| The data |
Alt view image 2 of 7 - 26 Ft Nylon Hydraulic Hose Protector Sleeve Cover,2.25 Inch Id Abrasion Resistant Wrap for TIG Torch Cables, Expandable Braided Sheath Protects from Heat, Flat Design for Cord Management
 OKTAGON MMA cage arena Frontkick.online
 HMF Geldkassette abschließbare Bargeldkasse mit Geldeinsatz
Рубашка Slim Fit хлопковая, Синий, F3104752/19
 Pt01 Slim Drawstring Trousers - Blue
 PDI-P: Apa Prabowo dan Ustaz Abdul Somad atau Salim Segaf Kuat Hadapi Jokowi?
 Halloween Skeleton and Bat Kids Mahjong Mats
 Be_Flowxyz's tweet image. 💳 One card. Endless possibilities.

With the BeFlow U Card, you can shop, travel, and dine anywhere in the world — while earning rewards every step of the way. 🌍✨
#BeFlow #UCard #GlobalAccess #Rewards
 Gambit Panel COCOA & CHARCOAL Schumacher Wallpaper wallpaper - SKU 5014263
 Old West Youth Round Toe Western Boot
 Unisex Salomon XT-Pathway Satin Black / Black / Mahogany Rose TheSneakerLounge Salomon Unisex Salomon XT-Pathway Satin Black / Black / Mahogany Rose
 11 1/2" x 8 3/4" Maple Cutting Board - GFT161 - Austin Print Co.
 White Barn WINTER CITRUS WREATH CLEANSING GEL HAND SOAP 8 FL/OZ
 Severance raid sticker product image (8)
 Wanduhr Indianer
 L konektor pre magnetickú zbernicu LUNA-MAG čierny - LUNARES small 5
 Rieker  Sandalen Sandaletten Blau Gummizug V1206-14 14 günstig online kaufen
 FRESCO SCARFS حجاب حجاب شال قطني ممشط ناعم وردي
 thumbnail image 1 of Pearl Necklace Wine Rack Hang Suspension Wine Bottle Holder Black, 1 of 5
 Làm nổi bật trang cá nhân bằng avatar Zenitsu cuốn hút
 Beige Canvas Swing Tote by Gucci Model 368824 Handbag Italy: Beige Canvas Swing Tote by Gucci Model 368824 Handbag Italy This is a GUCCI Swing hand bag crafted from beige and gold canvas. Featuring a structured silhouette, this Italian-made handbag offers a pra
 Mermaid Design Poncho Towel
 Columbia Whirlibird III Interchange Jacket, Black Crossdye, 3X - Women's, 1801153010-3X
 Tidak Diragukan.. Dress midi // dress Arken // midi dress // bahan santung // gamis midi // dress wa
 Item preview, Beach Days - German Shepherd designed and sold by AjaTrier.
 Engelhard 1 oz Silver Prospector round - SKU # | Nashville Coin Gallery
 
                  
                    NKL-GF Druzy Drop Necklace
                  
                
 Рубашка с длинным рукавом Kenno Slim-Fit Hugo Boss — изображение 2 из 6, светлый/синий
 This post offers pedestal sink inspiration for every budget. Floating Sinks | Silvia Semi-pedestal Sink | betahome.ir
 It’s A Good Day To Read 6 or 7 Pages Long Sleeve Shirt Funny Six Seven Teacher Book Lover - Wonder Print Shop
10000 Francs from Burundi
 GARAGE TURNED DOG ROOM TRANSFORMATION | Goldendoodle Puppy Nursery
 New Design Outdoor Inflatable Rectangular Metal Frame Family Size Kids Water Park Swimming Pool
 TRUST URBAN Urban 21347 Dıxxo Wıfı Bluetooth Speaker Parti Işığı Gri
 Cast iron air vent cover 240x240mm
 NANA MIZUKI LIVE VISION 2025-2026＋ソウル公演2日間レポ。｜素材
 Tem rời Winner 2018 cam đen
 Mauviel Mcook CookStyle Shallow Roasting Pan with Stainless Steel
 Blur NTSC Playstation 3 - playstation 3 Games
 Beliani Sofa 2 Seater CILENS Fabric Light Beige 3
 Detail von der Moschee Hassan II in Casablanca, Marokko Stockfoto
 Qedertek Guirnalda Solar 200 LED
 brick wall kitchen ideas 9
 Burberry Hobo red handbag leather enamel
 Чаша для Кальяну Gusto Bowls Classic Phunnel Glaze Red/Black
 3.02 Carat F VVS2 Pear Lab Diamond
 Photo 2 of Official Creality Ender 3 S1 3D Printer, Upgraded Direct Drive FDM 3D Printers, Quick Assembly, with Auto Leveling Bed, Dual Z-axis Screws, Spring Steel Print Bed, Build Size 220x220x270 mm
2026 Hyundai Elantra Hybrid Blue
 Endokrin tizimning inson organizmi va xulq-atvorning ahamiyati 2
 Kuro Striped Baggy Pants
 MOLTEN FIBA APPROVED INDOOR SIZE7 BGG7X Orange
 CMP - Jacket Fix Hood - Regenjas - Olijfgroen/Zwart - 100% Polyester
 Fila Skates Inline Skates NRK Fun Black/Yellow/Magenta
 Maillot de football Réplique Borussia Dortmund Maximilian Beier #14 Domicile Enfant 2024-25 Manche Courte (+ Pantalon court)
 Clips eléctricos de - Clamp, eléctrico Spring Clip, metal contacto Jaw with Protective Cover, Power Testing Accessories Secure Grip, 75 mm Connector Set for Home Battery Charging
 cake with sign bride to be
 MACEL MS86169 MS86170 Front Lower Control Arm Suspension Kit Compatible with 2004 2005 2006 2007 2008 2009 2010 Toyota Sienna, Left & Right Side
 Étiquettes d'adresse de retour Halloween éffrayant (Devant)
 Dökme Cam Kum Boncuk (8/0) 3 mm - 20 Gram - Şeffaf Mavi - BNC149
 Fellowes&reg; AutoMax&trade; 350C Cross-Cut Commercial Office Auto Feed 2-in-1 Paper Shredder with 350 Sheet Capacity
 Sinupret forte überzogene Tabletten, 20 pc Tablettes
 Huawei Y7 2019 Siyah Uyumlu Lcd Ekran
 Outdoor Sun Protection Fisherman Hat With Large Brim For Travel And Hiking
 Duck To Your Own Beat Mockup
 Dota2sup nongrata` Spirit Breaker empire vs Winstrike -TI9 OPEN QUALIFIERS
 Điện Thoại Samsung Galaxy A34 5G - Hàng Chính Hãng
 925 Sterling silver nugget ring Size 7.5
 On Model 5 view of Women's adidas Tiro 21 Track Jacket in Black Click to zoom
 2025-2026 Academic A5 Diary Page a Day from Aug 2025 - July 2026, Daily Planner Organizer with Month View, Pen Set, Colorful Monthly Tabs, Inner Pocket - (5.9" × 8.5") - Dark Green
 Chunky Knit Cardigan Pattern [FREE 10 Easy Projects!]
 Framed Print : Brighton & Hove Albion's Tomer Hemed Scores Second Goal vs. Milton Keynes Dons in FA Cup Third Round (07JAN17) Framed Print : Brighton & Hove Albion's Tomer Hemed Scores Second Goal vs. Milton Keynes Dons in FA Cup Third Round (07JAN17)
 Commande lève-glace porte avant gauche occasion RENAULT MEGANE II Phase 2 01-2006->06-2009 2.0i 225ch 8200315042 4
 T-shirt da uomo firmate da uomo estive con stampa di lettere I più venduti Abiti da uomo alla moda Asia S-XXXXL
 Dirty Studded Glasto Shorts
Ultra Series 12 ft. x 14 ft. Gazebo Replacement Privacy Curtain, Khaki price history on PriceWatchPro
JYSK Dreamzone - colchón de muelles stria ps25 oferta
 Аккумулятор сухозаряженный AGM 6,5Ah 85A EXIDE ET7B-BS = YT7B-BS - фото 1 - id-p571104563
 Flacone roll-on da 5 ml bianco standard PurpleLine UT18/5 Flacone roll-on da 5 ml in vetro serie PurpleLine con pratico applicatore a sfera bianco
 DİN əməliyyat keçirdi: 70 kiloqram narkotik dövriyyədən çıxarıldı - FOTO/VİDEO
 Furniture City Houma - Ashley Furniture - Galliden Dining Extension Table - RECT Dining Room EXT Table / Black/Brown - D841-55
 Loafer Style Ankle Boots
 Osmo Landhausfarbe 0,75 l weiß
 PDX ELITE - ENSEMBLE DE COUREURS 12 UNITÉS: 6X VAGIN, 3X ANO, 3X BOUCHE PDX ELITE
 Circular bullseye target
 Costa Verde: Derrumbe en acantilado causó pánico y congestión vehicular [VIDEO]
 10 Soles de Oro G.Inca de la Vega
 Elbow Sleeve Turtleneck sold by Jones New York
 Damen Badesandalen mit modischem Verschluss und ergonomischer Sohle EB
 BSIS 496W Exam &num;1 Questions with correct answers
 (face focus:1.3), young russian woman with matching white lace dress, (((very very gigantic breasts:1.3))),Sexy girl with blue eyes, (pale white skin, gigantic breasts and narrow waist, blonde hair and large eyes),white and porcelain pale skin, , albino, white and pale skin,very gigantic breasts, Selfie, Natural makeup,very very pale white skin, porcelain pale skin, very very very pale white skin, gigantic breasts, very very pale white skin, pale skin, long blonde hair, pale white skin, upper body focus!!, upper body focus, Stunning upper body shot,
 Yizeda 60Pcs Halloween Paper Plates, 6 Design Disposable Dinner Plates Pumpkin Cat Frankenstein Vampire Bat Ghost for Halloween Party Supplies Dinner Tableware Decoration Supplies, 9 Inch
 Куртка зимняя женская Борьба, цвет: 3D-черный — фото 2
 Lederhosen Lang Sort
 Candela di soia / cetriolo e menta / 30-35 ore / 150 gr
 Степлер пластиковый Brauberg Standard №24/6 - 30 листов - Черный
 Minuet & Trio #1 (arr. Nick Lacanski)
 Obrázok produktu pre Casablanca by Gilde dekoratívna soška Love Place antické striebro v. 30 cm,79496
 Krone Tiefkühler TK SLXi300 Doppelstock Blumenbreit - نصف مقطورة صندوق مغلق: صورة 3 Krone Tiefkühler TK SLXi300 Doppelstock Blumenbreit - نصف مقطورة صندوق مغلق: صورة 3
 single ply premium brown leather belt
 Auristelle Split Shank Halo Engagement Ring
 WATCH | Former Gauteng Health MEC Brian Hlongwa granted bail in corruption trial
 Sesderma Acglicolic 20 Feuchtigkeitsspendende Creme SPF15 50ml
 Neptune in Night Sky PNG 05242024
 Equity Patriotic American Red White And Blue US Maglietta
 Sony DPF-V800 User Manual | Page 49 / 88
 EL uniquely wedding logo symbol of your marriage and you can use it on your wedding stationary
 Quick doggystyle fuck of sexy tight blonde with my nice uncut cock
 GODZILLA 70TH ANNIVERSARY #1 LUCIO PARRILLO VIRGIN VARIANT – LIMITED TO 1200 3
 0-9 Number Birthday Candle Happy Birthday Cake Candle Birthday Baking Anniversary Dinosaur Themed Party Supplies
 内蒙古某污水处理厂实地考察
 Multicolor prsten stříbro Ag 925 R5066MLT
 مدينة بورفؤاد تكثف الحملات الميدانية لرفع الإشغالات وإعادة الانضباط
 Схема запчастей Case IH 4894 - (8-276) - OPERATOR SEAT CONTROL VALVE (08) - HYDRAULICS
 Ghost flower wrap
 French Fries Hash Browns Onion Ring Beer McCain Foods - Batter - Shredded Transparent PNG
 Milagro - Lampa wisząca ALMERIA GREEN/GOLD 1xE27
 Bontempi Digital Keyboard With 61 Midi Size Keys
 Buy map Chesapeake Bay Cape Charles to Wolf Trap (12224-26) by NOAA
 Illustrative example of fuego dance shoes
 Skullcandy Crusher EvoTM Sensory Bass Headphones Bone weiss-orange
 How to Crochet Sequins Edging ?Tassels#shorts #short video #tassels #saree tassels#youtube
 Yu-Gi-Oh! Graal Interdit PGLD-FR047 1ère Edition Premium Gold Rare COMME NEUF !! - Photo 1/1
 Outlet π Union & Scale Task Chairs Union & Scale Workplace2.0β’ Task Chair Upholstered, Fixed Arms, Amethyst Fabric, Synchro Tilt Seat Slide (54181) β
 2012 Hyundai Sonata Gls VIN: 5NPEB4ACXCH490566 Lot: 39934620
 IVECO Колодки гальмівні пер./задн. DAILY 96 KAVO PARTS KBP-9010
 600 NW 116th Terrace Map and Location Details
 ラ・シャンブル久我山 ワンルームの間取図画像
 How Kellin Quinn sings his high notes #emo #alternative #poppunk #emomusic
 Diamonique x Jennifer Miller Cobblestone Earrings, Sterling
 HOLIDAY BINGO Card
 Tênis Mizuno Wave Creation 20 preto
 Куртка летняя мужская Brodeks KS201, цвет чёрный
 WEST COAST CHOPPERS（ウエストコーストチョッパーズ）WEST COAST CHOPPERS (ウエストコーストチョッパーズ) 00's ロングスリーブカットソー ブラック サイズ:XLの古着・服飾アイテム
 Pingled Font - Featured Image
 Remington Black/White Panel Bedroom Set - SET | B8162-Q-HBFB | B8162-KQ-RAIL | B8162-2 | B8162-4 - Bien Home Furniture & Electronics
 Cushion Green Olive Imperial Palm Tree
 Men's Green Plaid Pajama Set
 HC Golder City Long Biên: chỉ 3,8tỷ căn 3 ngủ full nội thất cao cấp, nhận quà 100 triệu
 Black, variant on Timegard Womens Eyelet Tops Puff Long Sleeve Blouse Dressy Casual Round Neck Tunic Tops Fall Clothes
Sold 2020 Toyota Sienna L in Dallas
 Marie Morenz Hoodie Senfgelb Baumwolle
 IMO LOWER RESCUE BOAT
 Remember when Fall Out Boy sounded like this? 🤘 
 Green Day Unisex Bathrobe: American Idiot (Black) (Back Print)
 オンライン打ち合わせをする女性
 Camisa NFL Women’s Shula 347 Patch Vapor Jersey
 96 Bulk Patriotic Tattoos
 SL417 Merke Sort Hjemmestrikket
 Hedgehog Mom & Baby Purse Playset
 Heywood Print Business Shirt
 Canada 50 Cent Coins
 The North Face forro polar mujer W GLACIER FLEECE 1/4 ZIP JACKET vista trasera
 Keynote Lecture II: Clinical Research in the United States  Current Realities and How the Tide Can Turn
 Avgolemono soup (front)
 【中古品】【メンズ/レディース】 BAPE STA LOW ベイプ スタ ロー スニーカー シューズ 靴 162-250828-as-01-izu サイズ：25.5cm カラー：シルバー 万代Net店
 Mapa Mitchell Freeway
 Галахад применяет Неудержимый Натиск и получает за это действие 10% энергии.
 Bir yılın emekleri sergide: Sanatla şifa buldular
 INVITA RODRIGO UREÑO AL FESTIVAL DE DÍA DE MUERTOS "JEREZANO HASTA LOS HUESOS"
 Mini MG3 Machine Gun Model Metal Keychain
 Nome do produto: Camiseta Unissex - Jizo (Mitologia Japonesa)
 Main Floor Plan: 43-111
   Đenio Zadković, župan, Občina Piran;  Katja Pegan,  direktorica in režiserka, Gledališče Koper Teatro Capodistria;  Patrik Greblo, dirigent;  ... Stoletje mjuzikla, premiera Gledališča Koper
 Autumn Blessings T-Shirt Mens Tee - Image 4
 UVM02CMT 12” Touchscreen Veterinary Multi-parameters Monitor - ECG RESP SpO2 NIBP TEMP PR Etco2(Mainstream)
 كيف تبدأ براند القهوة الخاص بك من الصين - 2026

| How to complete this task |
The entries above hold the needed span. Transcribe exactly the lines from the one with "Neptune in Night Sky PNG 05242024" to the one with "Quick doggystyle fuck", both included.

| Written solution |
 Neptune in Night Sky PNG 05242024
 Equity Patriotic American Red White And Blue US Maglietta
 Sony DPF-V800 User Manual | Page 49 / 88
 EL uniquely wedding logo symbol of your marriage and you can use it on your wedding stationary
 Quick doggystyle fuck of sexy tight blonde with my nice uncut cock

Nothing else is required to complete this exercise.